10. Vasari Corridor *Gallery under renovation until 2020*
This kilometer long passageway, named after the architect, was commissioned by Cosimo de’Medici as a gift to celebrate the marriage of his son, Francesco I, with Joanna of Austria. Once built, the passageway acted as a safe way for the Medici family to move safely between their residence to the government building; Palazzo Pitti to Palazzo Vecchio. Today the gallery connects the Uffizi gallery to the Pitti Palace. Due to the entrance of the corridor being an unmarked door, many visitors often pass it by when inside the Uffizi gallery. Inside the gallery hangs works from the 16th and 17th century along with artist’s self portraits.
9. Stefano Bardini Museum
Originally a church, the Stefano Bardini Museum was restructured by Bardini himself to be set up as a showroom of his art for potential buyers. Bardini believed that it was not about the way the art looked, but rather the environment that they created. Due to this vision, the museum is set up in scenes, and not chronological order. Along with the art and sculptures, the ceilings are also works of art within themselves.
8. Palatine Gallery
This gallery is located on the first floor of The Pitti Palace which is where the Medici family took residence. In the end of the 18th century, the Habsburg-Lorraine family hung up around 500 masterpieces that the Medici family had in their personal collection. Each painting is surrounded by a lavish gold frame and complemented by sculptures, vases, and other pieces from the 17th century. In the gallery, the largest collection of Raphael paintings and other invaluable works hang in all of their glory.
7. Stibbert Museum
When Frederick Stibbert was 21 years old, he inherited a great fortune from his grandfather, the Governor of Bengal, India. With this fortune, he turned his personal home into a real museum of armour, costumes, paintings, tapestries, and furniture. Now the museum is home to over 50,000 items, most of which are armour from many different cultures. The museum also is home to a romantic, English themed garden, which entrance is including in the gallery ticket.

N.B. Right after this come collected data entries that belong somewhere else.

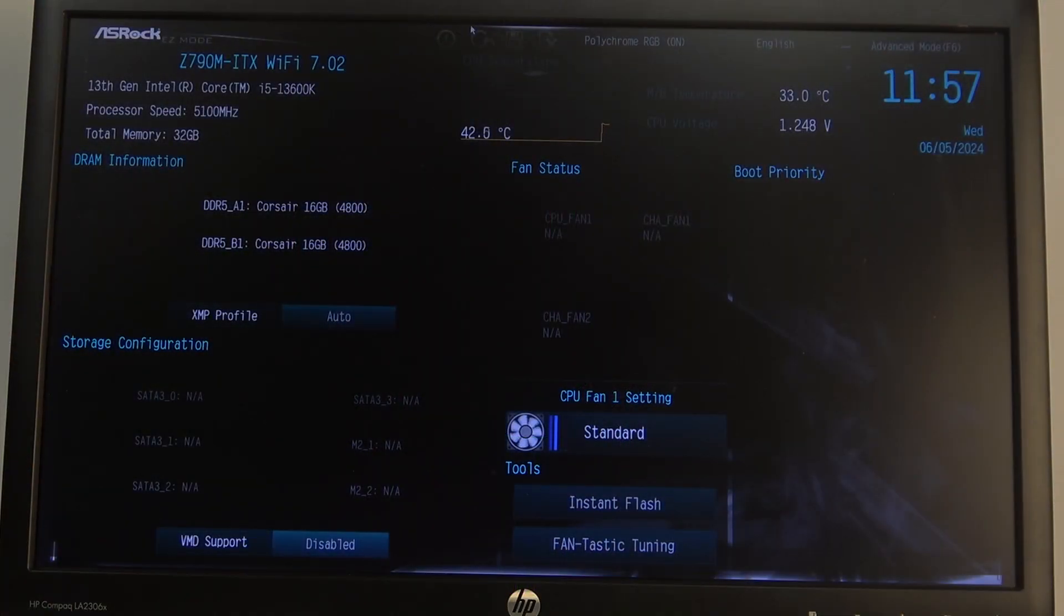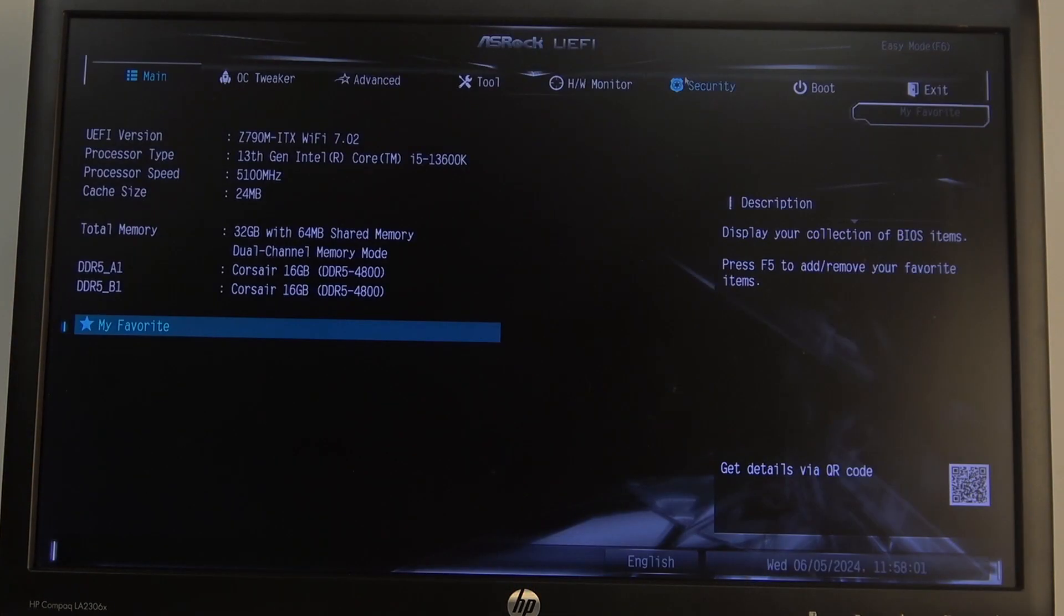To do this, first you will need to open your BIOS, then navigate to Advanced Mode in the top right corner of the screen.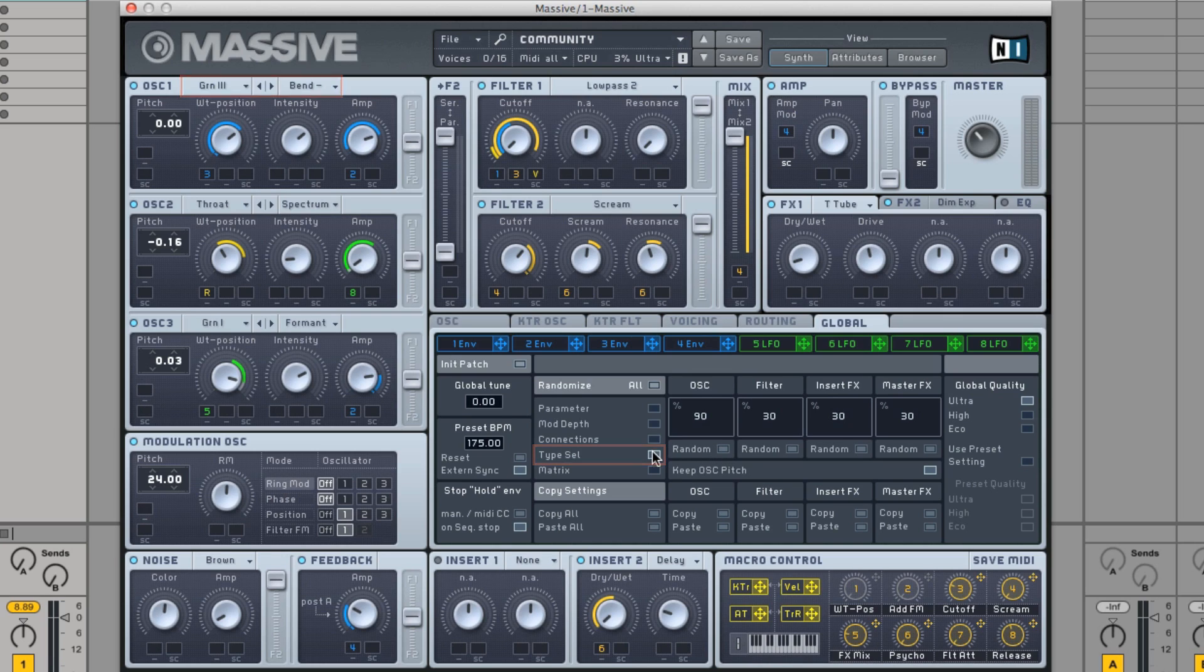By choosing matrix, you can randomize the modulation oscillator's modulation matrix.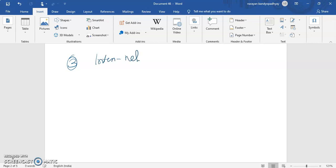The next feature of business environment is interrelatedness. Most of the external forces in a business environment are interrelated — one force is directly or indirectly related to another force. Changes in general forces lead to changes in specific forces.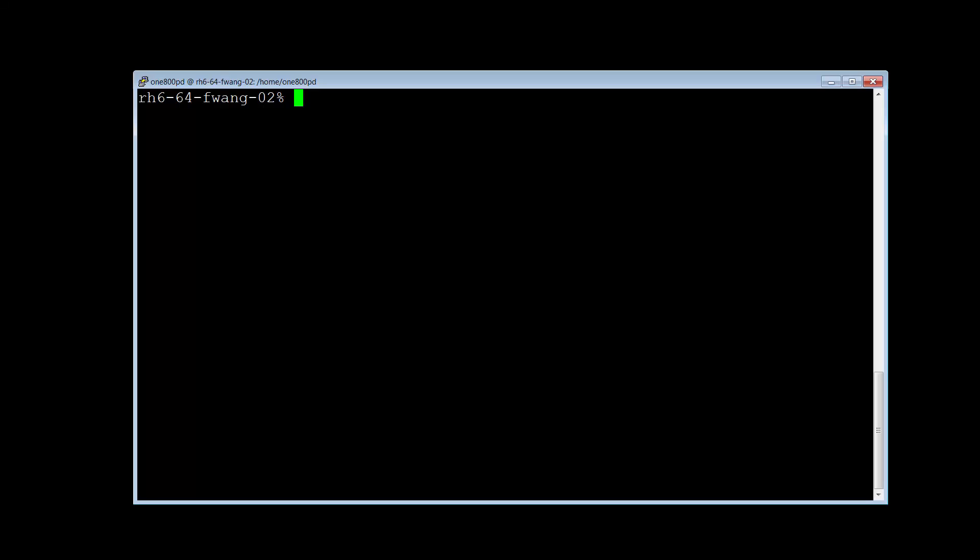First of all, we need to connect to the Control-M Enterprise Manager server. You can use PuTTY or any other terminal emulation software. Here we are in the home directory of the Control-M Enterprise Manager user.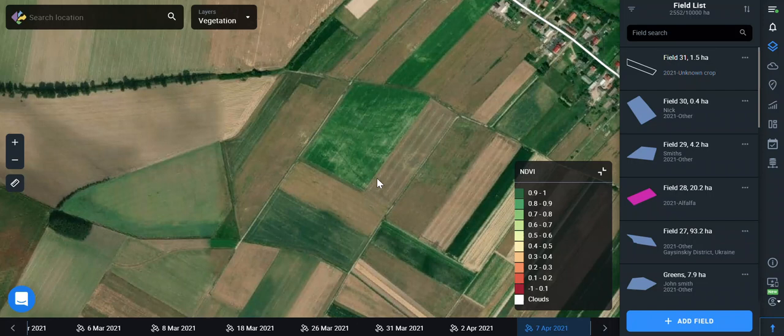Hello, welcome to Crop Monitoring Guide. Let's speak about field management.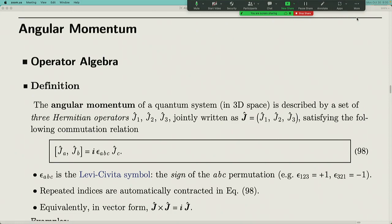Hello everyone, welcome to 130b, quantum mechanics. Today we are going to continue our discussion of angular momentum. In quantum mechanics, every physical observable gets promoted to an operator — the same happens to angular momentum. In classical physics, angular momentum is a vector which has three components, and the direction of the vector denotes the direction along which the body is rotating, and the amplitude of the vector is the momentum associated with the rotation.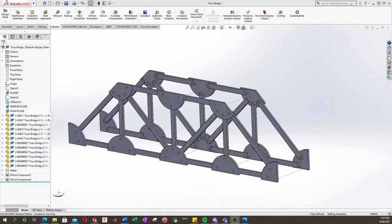Okay, so now that we have our truss completed, we can now assemble it inside our fixture that we downloaded from Canvas.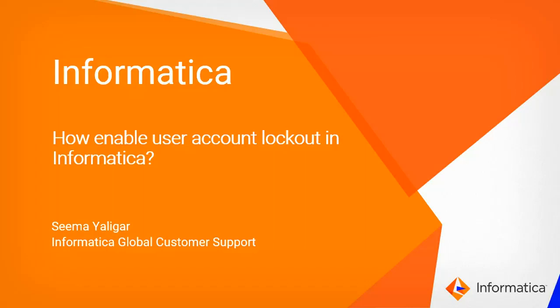Hi everyone, my name is Sima from Informatica Global Customer Support. Today we are going to see how to enable user account logout in Informatica domain in case user is trying to login to the domain with wrong password multiple times.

6. Natural Museum of Bargello
Known as the Museo Nazionale in Italy, this museum was the first national museum to open once Italy was unified. It is located in the Palazzo Del Bargello and is home to amazing works from Donatella, Verrocchio, Michelangelo, and many more. This museum is mostly known for its vast collection of sculptures. Once inside the entrance, you enter an irregular courtyard with many hallways and staircases in every direction. Also unique to this museum is its collection of metal and goldworks from the 16th century.
5. San Marco Museum
Built between 1452 and 1473 by Michelozzo, this elegant building was the first public library of the western world. Later in 1866, it was confiscated by the Italian government and opened as a national monument in 1869. The museum itself is located in the former monastery within the library. This museum is jam packed with frescos by Beato Angelico, and many others that belonged to belonged to Cosimo the Elder of the Medici family. One of the most memorable parts of the museum is the fresco painted at the top of the staircase that is a symbol of purity, faith, and obedience.
4. Pitti Palace
Chosen by Cosimo I de Medici and his wife, The Pitti Palace soon become known as the symbol of the Medici family. After the Medici family inhabited the palace, it was home to two other royal dynasties: the Lorraine-Habsburg and the Kings of the House of Savoy. Today, the Palace is divided into five separate museums, having something for everyone in the family. The galleries include Modern Art, the Treasury of the Grand Dukes, the Palatine Gallery, the Royal and Imperial Apartments, and Museum of Costume and Fashion.
3. Palazzo Vecchio
Known for its political and civil power, the Palazzo Vecchio is one of the most recognizable buildings in Florence. It was constructed on top of the ancient theater of the roman colony of Florentia, which ruins can be viewed on the the underground level once inside. The largest and most historic room is the Salone dei Cinquecento (Hall of five hundred), which was built in 1494 and is covered in beautiful frescoes and paneled ceilings. Guests can also climb the Torre di Arnolfo, or Arnolfo’s tower. This tower is 95 meters and 416 steps up, but the view from the top is worth it.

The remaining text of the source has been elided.